▶ [MATERIAL SUPPLIED]:

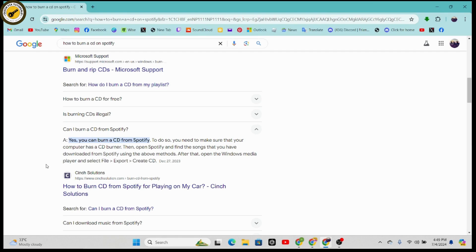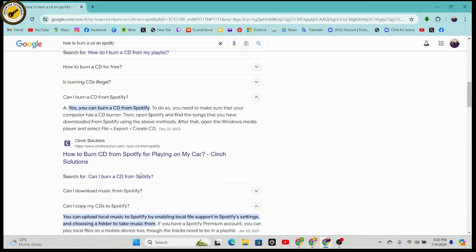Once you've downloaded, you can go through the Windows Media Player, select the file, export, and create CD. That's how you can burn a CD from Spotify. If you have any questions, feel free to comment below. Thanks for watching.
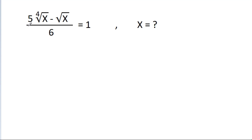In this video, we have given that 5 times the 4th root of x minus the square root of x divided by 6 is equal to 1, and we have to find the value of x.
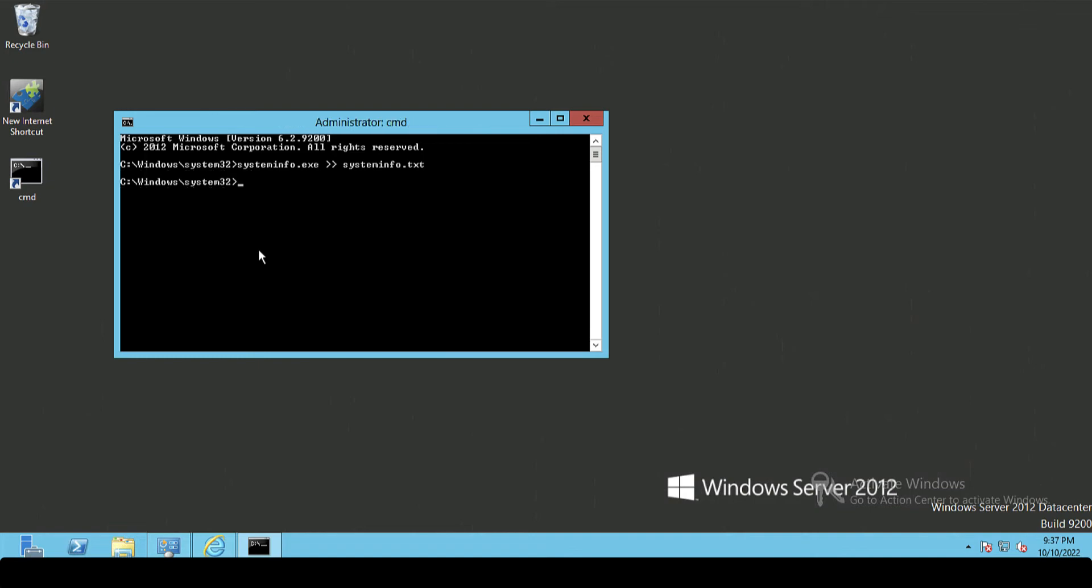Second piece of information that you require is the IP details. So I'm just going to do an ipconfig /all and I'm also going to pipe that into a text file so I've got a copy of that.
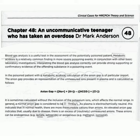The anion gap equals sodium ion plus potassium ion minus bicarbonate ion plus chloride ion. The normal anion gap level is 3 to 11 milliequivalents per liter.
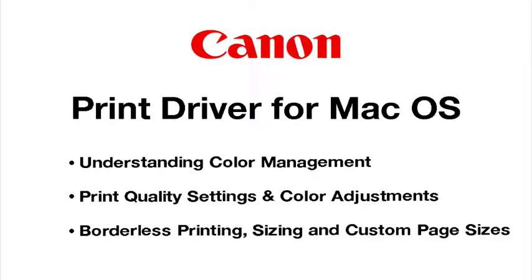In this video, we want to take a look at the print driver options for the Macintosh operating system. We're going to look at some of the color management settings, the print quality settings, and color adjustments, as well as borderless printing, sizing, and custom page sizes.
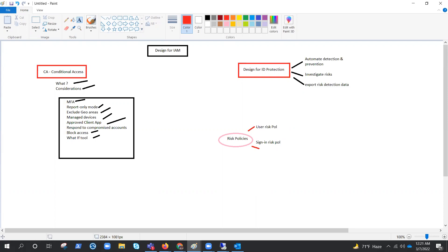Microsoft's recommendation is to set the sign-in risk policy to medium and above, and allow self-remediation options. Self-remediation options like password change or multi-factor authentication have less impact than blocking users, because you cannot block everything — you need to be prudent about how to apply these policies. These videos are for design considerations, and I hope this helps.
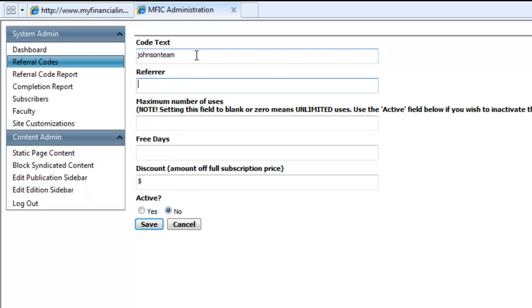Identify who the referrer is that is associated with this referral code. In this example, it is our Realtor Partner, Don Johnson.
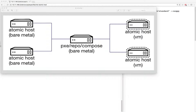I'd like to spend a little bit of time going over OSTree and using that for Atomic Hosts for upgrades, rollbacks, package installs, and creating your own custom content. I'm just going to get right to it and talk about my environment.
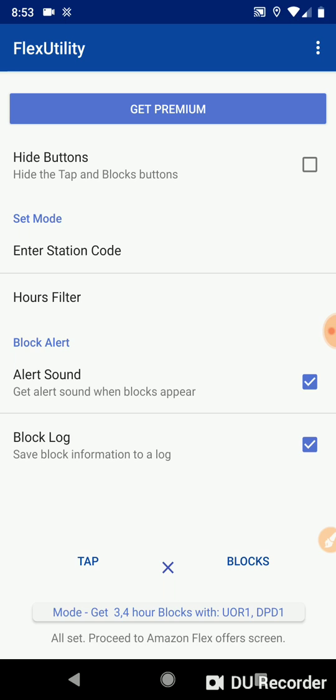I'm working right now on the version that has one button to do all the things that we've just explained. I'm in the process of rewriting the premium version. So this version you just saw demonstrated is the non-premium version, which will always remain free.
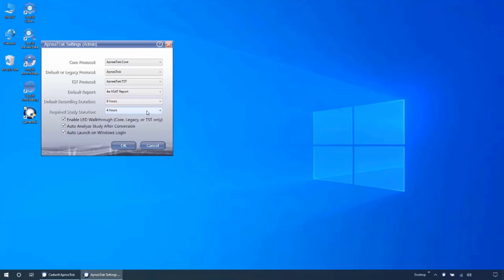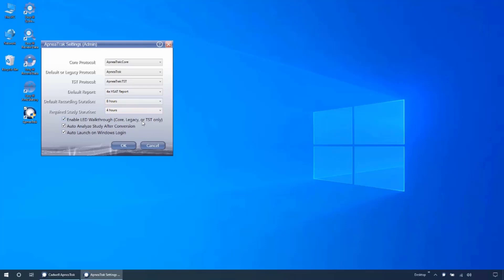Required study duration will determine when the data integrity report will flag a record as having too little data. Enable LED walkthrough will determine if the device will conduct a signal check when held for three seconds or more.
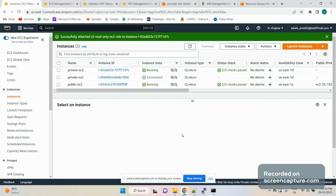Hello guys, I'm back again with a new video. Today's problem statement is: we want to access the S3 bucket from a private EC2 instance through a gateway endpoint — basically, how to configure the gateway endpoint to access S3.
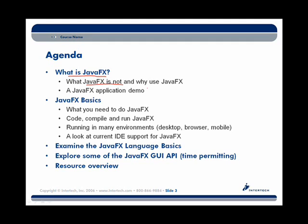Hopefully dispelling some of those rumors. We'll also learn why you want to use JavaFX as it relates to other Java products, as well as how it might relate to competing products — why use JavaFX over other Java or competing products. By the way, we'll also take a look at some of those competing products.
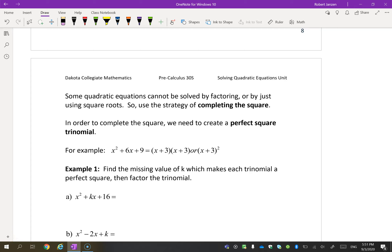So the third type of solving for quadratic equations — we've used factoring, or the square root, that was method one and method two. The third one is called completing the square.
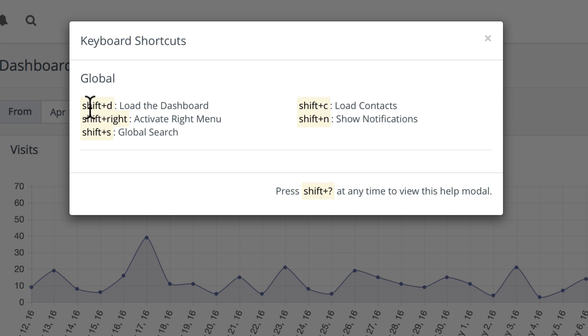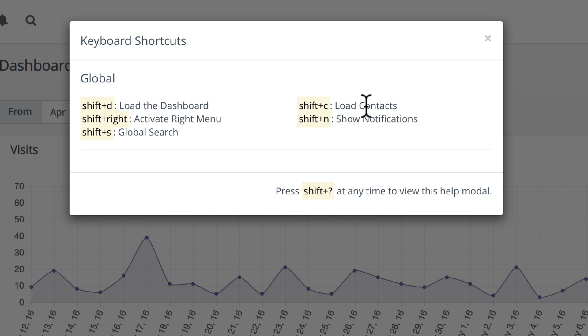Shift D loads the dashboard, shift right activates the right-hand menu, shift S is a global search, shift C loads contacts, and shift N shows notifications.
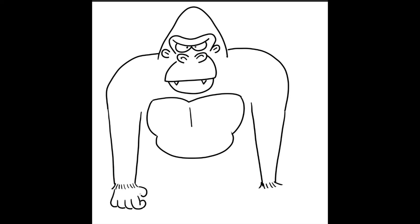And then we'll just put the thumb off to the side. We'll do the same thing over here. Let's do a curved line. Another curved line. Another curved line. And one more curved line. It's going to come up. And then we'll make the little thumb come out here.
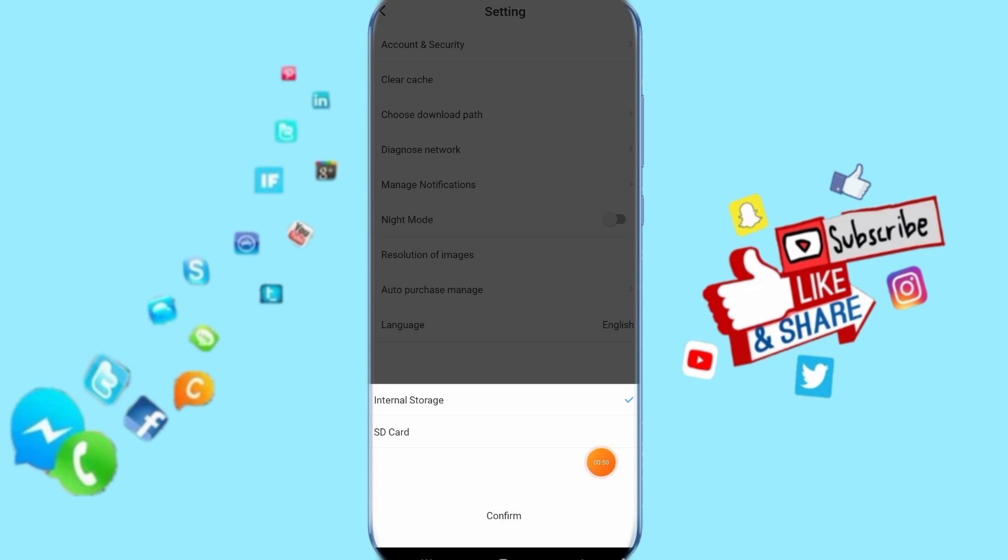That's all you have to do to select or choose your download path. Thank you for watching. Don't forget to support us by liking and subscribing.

--

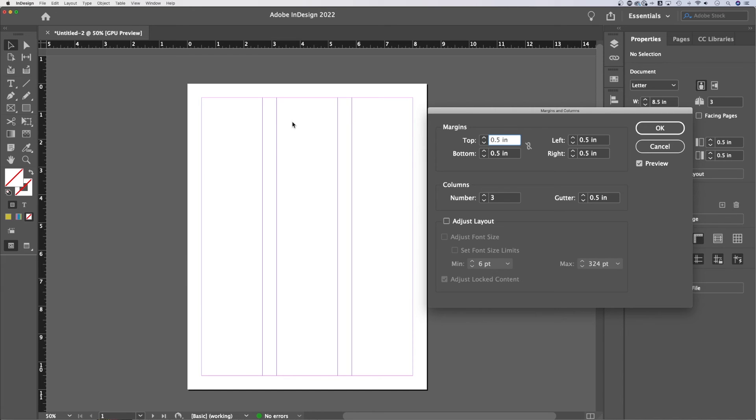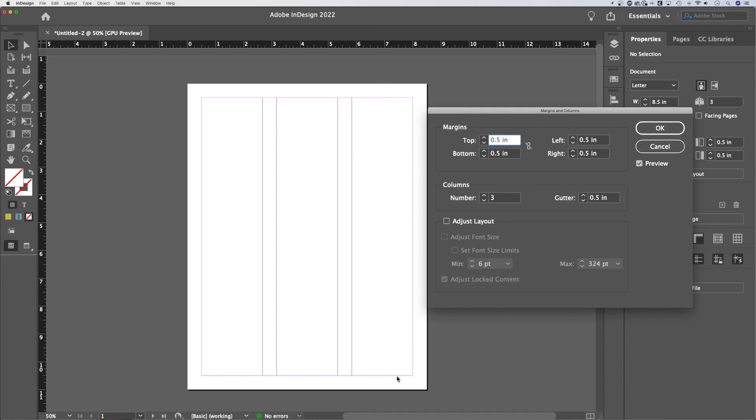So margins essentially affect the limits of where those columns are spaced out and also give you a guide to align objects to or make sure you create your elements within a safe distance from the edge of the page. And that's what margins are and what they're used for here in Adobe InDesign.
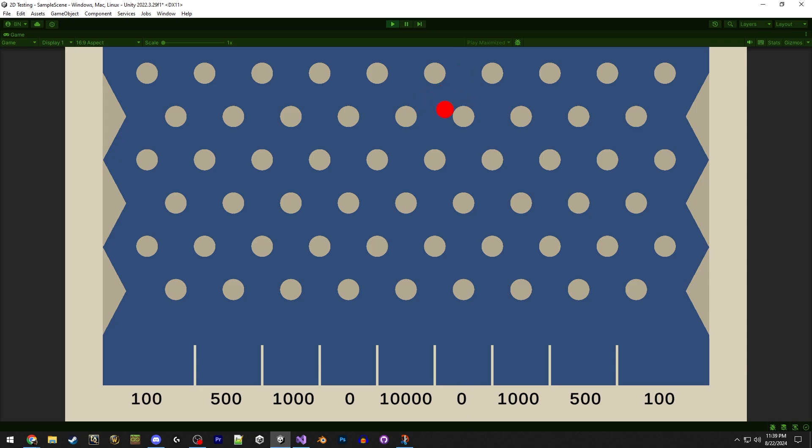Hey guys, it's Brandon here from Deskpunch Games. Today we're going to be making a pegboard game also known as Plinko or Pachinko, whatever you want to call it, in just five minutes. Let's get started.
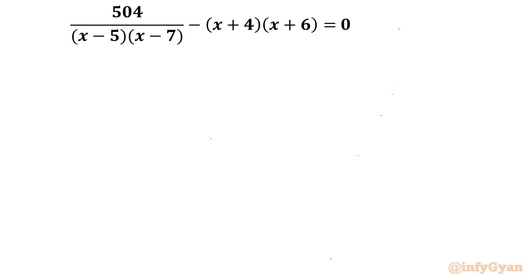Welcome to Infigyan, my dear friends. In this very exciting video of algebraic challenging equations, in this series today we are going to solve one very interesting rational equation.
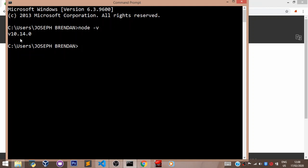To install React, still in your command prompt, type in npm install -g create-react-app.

▶ [TASK TO COMPLETE]:
Above are the records; restate exactly the lines from the one containing "Hey guys, it's" through the one containing "To install React, still", keeping pictures out.

▶ [ANSWER TO THE PROBLEM]:
Hey guys, it's Brandon here from Deskpunch Games. Today we're going to be making a pegboard game also known as Plinko or Pachinko, whatever you want to call it, in just five minutes. Let's get started.
Welcome to Infigyan, my dear friends. In this very exciting video of algebraic challenging equations, in this series today we are going to solve one very interesting rational equation.
To install React, still in your command prompt, type in npm install -g create-react-app.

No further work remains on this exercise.